Back in 2015, we had the pleasure of interviewing Belgium artist Gert Scheerlinck in his venture of an object oriented approach to his artistic practice. Today the approach of Gert Scheerlinck differs from that of four years ago. We've met him and had a conversation in the aim to grasp his flow.
We've been following you for quite some years now. We’ve noticed a certain transition from object-oriented work to a more conceptual thinking. We wonder: to what do we owe this change?
A few years ago, I mainly focused on the found object, everything started with the object. By experimenting, a rather intuitive and minimalist work would arise. With time, I felt that, something was missing in the process. It had nothing to do with what I wanted to tell, but how. I realized that the found object forced its will upon me and I had to distance myself from it.
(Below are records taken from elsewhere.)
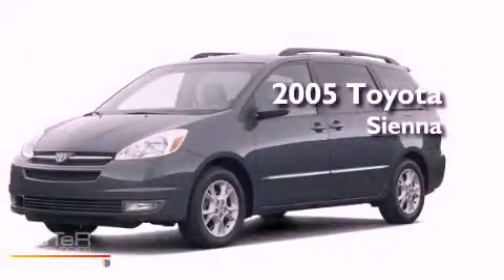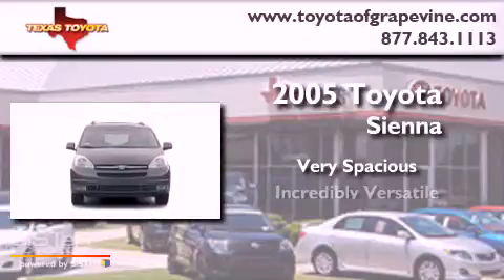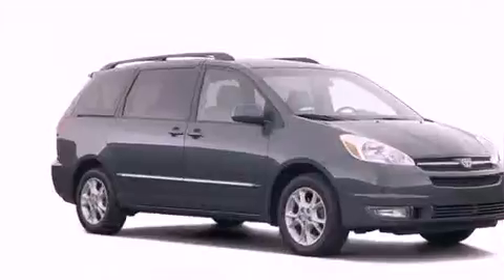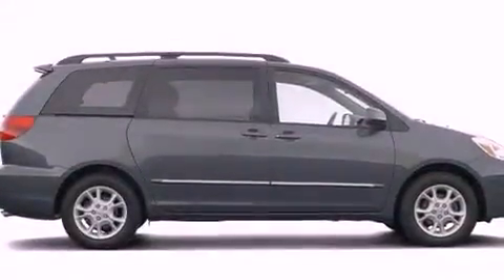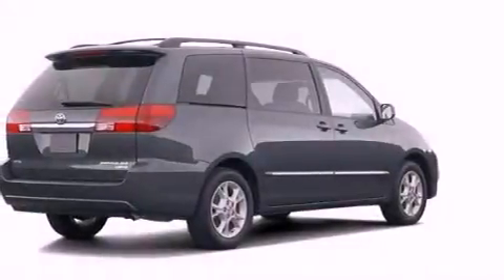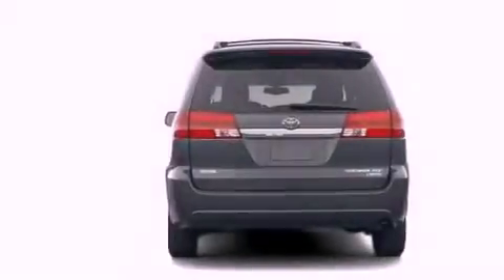This is a 2005 Toyota Sienna. Its top features include a rear window defroster, a rear window wiper, a low tire pressure indicator, an anti-lock braking system, dual airbags, and folding rear seats.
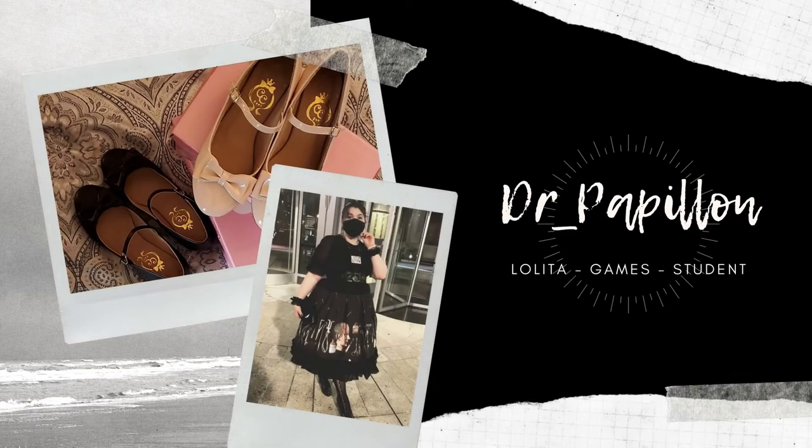Hello! Welcome back to my channel! Dr. Papian here with another Around Your Wardrobe in 30 Coordinates challenge video. This is prompt number 8: As Classic As You Can Go.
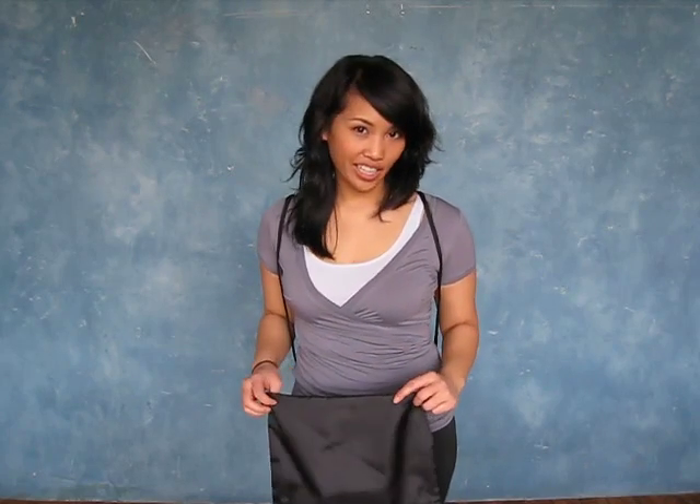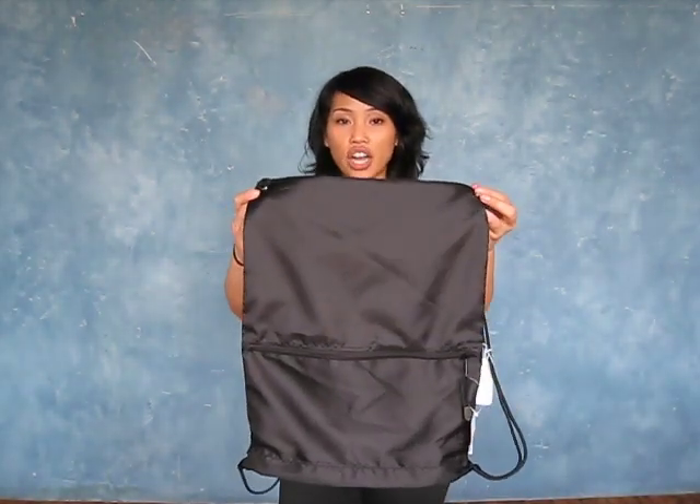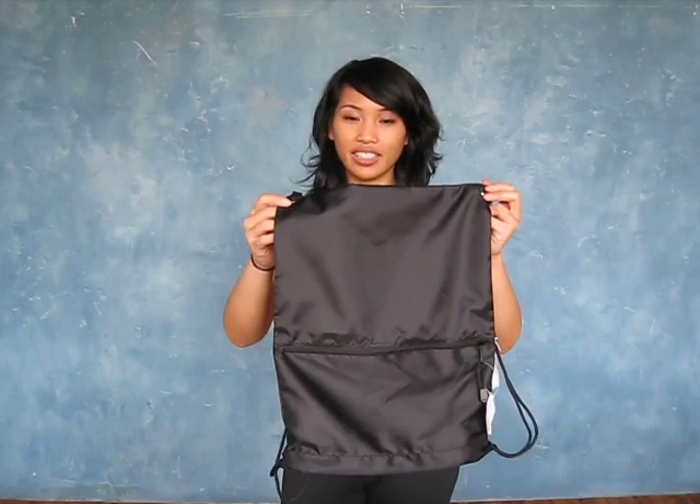My name is Belinda. I'm a customer service representative at reusablebags.com. I wanted to introduce you to the Recycled PET Ultra Shopping Bag from Acme. It's all the strength and durability of a recycled PET workhorse, but in a convenient backpack design.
In order to penetrate my own work, I had to question it.
This new way of thinking that influenced your work in the studio, how did that manifest itself?
I spend less time experimenting in my studio. I made myself less dependent of the object and that somehow freed me. This resulted in a different perspective allowing me to work with other media as well (like video, neon and even potatoes, …). However, the minimalistic approach and the materials remain an important part of my work. Relative to the “evil” world, I want to continue to cherish the small and personal. [silence]
Going back to a micro level of thinking and acting certainly offers some solace, because as a person you can hardly influence those great powers.
It seems you’re also working with emptiness, or negative spaces, as a conceptual tool. Seeing your work How to draw a Line, the line is defined by the edges of the pencils, but the line itself is empty and not drawn (or undrawn) with lead. How is it to fathom the empty spaces, in terms of those being your actual work?
Emptiness and negative spaces indeed are like the clever use of silence in movies, to create heightened awareness in key scenes. The absence of non-diegetic composition can add an extra level of “emotion”. It's the moment you start to reflect and where imagination takes over. John Cage would say: “There is no such thing as an empty space or an empty time. There is always something to see, something to hear.”
I believe that my work has many layers and one can interpret it in various ways to help you understand life and maybe even create a self-identity.
Talking about identity and empty spaces, one easily has the tendency to place your work within the concept of heterotopies thoroughly explained by Foucault. Your work has a refined tendency to simulate the ordinary, but framed by its contrast, which makes it utterly remarkable. How did you discover the way to resemble the complex by making it simple?
Good point. Heterotopias are worlds within worlds, mirroring and yet upsetting what is outside. It’s all about the imaginary space that is created, it questions human interactions, moments of solitude and feelings. In relation to minimalism, I return to the essence and ask crucial questions. A derived truth arises by throwing all the superfluous overboard. “Make it simple” as you describe it. How this works exactly is hard to say, you can look at the individual action of the artist, but rather it is a flow of thoughts that stray to come to the final work. It’s the unique self of the artist that you simply cannot explain.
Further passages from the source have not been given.